== REQUIREMENT ==
Transcribe, without alteration, the line that includes "JW2-5241空氣彈簧/氣囊減振/Air spring shock absorbers" and each line after it until the records end, omitting all that precede it.

___

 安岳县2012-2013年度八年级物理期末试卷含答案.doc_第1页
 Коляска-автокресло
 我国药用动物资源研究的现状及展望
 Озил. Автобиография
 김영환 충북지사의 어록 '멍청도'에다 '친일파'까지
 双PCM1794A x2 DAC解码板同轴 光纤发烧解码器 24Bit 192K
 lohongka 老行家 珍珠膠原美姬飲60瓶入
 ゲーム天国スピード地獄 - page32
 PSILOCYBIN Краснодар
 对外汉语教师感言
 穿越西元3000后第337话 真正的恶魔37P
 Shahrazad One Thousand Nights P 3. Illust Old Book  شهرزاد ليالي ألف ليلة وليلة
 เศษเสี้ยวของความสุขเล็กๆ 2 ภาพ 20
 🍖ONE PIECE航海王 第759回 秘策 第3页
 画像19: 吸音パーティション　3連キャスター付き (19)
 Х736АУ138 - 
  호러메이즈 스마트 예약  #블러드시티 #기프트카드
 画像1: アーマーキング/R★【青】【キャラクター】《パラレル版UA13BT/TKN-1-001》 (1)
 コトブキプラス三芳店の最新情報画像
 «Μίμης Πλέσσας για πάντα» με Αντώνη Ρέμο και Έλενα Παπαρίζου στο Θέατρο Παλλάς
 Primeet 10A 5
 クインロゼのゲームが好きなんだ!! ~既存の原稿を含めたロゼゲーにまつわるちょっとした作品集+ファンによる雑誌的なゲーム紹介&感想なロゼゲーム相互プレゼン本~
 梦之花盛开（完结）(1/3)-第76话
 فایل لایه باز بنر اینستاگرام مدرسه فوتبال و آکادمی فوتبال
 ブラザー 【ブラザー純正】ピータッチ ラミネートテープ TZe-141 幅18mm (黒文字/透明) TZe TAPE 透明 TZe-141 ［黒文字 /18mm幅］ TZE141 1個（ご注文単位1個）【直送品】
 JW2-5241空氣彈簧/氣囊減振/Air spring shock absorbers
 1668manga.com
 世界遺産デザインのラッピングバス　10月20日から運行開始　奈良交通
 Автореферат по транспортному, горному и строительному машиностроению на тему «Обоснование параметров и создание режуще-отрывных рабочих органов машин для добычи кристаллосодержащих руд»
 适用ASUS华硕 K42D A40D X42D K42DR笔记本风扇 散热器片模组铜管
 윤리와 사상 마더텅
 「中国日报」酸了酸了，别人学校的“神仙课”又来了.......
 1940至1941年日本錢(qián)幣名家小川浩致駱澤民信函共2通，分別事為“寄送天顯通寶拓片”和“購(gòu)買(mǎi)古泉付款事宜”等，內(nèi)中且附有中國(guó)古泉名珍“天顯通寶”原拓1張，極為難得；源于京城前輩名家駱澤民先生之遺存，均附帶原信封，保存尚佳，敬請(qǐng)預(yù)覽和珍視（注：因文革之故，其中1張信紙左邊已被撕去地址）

___

== OUTPUT BELOW ==
 JW2-5241空氣彈簧/氣囊減振/Air spring shock absorbers
 1668manga.com
 世界遺産デザインのラッピングバス　10月20日から運行開始　奈良交通
 Автореферат по транспортному, горному и строительному машиностроению на тему «Обоснование параметров и создание режуще-отрывных рабочих органов машин для добычи кристаллосодержащих руд»
 适用ASUS华硕 K42D A40D X42D K42DR笔记本风扇 散热器片模组铜管
 윤리와 사상 마더텅
 「中国日报」酸了酸了，别人学校的“神仙课”又来了.......
 1940至1941年日本錢(qián)幣名家小川浩致駱澤民信函共2通，分別事為“寄送天顯通寶拓片”和“購(gòu)買(mǎi)古泉付款事宜”等，內(nèi)中且附有中國(guó)古泉名珍“天顯通寶”原拓1張，極為難得；源于京城前輩名家駱澤民先生之遺存，均附帶原信封，保存尚佳，敬請(qǐng)預(yù)覽和珍視（注：因文革之故，其中1張信紙左邊已被撕去地址）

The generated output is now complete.